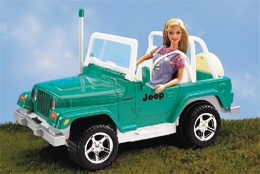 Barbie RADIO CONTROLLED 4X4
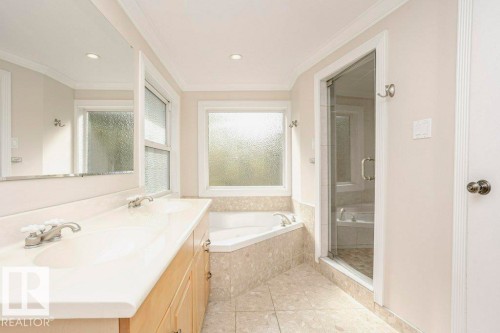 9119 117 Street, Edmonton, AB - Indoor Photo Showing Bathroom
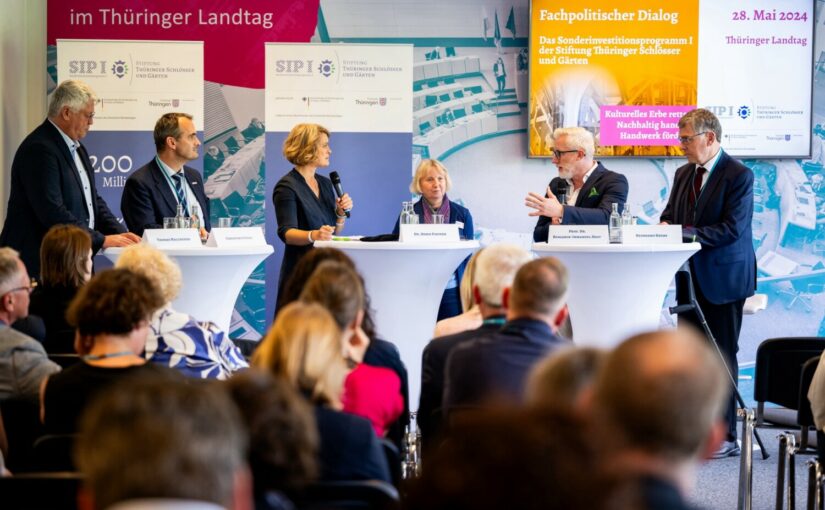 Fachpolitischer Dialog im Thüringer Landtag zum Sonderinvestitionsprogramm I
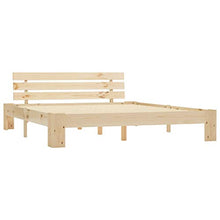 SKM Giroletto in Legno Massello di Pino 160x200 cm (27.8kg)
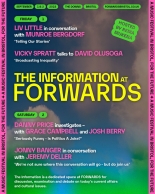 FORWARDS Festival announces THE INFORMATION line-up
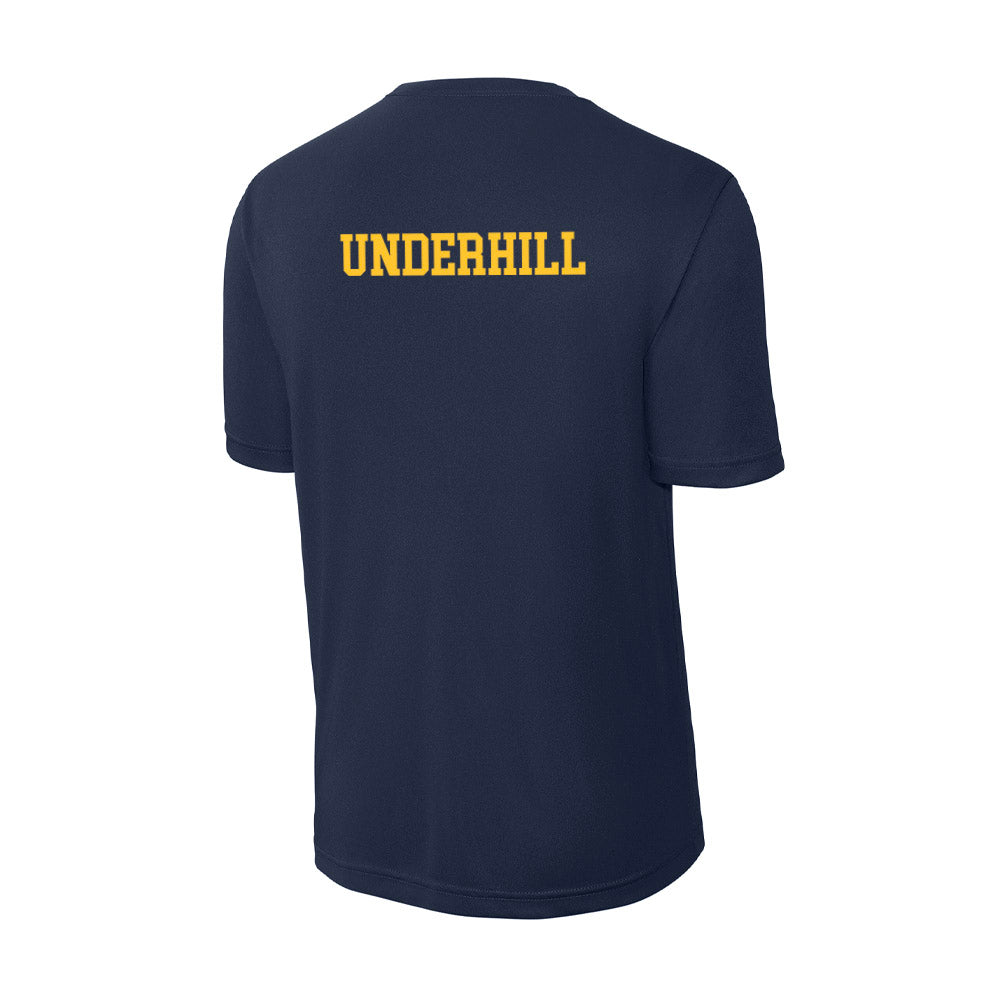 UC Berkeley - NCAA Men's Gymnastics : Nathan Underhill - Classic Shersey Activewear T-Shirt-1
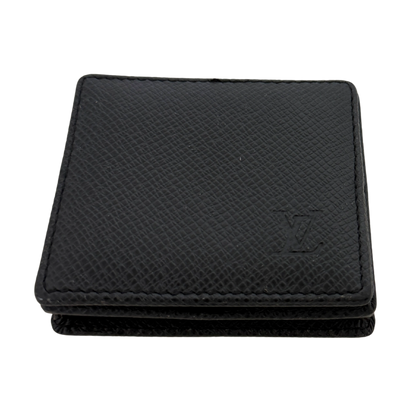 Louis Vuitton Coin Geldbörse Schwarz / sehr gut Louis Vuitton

::::::

A word-for-word copy of all the records above is required, with the pictures left out.

▶ FINISHED EXERCISE:
 Barbie RADIO CONTROLLED 4X4
 9119 117 Street, Edmonton, AB - Indoor Photo Showing Bathroom
 Fachpolitischer Dialog im Thüringer Landtag zum Sonderinvestitionsprogramm I
 SKM Giroletto in Legno Massello di Pino 160x200 cm (27.8kg)
 FORWARDS Festival announces THE INFORMATION line-up
 UC Berkeley - NCAA Men's Gymnastics : Nathan Underhill - Classic Shersey Activewear T-Shirt-1
 Louis Vuitton Coin Geldbörse Schwarz / sehr gut Louis Vuitton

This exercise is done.